Figure 1Diversity of the protease region measured on the multiple sequence alignments.
The plot shows the Shannon entropy of each column of the multiple sequence alignment of all mapped reads (orange bars) and its moving average in a window of 35 bp (blue lines). Numbering of bases follows the nucleotide position on the protease, i.e., position 1 corresponds to position 2253 on HXB2. As a reference, the top subfigure shows the diversity of the mixture of the original ten clones assuming equal frequencies. The remaining subfigures refer to the four sequencing experiments using either 454/Roche or Illumina GA and PCR amplification or not.
Performance of local haplotype reconstruction.
| Platform | PCR amplification | Reconstructed | TP | FP | FN | Sensitivity [%] | Specificity [%] |
| 454/Roche | No | 13 | 5 | 8 | 5 | 50 | 38 |
| 454/Roche | Yes | 30 | 6 | 24 | 4 | 60 | 20 |
| Illumina GA | No | 10 | 9 | 1 | 1 | 90 | 90 |
| Illumina GA | Yes | 10 | 6 | 4 | 4 | 60 | 60 |
For all four experiments, we report the total number of predicted haplotypes (column Reconstructed), the number of correct haplotypes (true positives, TP), the number of reconstructed haplotypes that do not match any of the original clones (false positives, FP), and the number of missed haplotypes (false negatives, FN). This number is equal to 10 – TP, because ten is the total number of haplotypes present in the sample. Sensitivity is defined as TP/(TP+FN) and specificity as TP/(TP+FP). Local haplotype reconstruction was performed on the 252 bp region of the HIV pol gene coding for protease amino acids 10 to 93 for the 454/Roche data, and on the 35 bp subregion of highest entropy for the Illumina reads.

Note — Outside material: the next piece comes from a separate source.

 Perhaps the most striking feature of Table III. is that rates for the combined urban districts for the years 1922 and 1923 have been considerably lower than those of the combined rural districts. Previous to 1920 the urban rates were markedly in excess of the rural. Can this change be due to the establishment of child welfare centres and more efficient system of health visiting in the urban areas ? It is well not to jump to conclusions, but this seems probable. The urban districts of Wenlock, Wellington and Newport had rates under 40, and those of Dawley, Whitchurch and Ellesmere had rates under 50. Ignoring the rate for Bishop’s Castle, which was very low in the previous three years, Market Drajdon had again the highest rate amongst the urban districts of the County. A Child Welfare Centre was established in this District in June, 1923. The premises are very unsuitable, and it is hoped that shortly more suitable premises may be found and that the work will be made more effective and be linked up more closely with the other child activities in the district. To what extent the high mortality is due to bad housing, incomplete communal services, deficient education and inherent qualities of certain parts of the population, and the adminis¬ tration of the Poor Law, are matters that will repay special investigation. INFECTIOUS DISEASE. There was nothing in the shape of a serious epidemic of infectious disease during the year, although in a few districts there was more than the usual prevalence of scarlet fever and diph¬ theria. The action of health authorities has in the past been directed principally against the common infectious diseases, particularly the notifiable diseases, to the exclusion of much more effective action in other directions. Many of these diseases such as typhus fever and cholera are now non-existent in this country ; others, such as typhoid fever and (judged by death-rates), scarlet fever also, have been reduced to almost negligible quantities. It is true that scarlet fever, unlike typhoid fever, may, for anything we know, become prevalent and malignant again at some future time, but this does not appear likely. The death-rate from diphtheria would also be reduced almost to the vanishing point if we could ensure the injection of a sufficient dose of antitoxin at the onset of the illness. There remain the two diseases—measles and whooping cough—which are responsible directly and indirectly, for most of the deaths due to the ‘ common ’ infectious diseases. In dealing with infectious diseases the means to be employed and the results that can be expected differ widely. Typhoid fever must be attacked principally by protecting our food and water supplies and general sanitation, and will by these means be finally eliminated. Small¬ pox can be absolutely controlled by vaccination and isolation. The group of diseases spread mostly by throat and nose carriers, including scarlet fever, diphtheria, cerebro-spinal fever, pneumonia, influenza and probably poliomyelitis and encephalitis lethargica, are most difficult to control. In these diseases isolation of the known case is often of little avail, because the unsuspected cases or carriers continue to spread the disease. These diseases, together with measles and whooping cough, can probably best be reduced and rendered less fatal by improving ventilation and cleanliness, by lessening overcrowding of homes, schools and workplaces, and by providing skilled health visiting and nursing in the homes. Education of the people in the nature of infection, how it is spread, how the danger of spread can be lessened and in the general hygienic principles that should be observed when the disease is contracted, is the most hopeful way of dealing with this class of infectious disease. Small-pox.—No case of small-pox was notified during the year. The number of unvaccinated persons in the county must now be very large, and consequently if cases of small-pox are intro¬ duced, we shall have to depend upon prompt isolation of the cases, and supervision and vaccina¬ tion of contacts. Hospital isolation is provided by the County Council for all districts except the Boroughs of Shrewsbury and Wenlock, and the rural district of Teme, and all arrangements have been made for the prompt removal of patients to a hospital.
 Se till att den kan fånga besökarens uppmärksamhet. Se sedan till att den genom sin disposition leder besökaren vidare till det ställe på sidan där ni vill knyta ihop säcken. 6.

Frequencies of all perfectly reconstructed haplotypes.
| Platform | PCR amplification | Method | 07-56681 | 07-54825 | 07-56951 | 08-59712 | 08-04134 | 08-01315 | 08-02659 | 08-57881 | 08-04512 | Total |
| 454/Roche | No | ShoRAH | 10.6 | 14.1 | 14.1 | 13.9 | 4.9 | — | — | — | — | 57.6 |
| 454/Roche | No | Direct mapping | 27.3 | 21.2 | 30.0 | 11.0 | 7.1 | 2.1 | 0.3 | 0.3 | 0.1 | 99.4 |
| 454/Roche | Yes | ShoRAH | 3.6 | 15.7 | 22.0 | 11.4 | 7.0 | 0.3 | — | — | — | 60.0 |
| 454/Roche | Yes | Direct mapping | 6.0 | 34.3 | 37.2 | 9.6 | 11.7 | 0.4 | 0.4 | 0.1 | 0.2 | 99.9 |
| Illumina GA | No | ShoRAH | 53.1 | 19.5 | 15.1 | 7.2 | 2.7 | 1.6 | 0.2 | 0.2 | 0.2 | 99.8 |
| Illumina GA | No | Direct mapping | 41.7 | 15.4 | 24.8 | 10.3 | 4.5 | 1.5 | 0.3 | 0.3 | 0.1 | 98.9 |
| Illumina GA | Yes | ShoRAH | 7.6 | 46.8 | 27.1 | 7.3 | 5.3 | 1.9 | — | — | — | 96.0 |
| Illumina GA | Yes | Direct mapping | 5.9 | 34.7 | 36.6 | 10.4 | 10.3 | 0.7 | 0.6 | 0.2 | 0.3 | 99.7 |
Reported are, for all four experiments, the relative frequencies in percent of the reconstructed haplotypes matching exactly one of the original clones (named 07-56681, …, 08-04512) as estimated by direct mapping and by ShoRAH. Undetected haplotypes are indicated by a dash (‘—’).
Figure 2Global haplotype reconstruction at high diversity.
The mean distance between clones of the underlying population was 7.5%. For global haplotype reconstruction, different conditions were tested, including varying read lengths (1st column: 36 bases, 2nd column: 75 bases, 3rd column: 150 bases), numbers of reads (1st row: 10,000, 2nd row: 20,000, 3rd row: 50,000), and sequencing error rates (grey: 0.01%, orange: 0.05%, blue: 0.1% per base). The y-axis reports reconstruction performance as the proportion close (φ), defined as the fraction of reconstructed haplotypes that have at most q mismatches with respect to the original clones. The genomic region considered codes for amino acids 10 to 93 of the HIV protease.
Figure 3Global haplotype reconstruction at low diversity.
Same as Figure 2, but the mean distance between clones is 1.9%.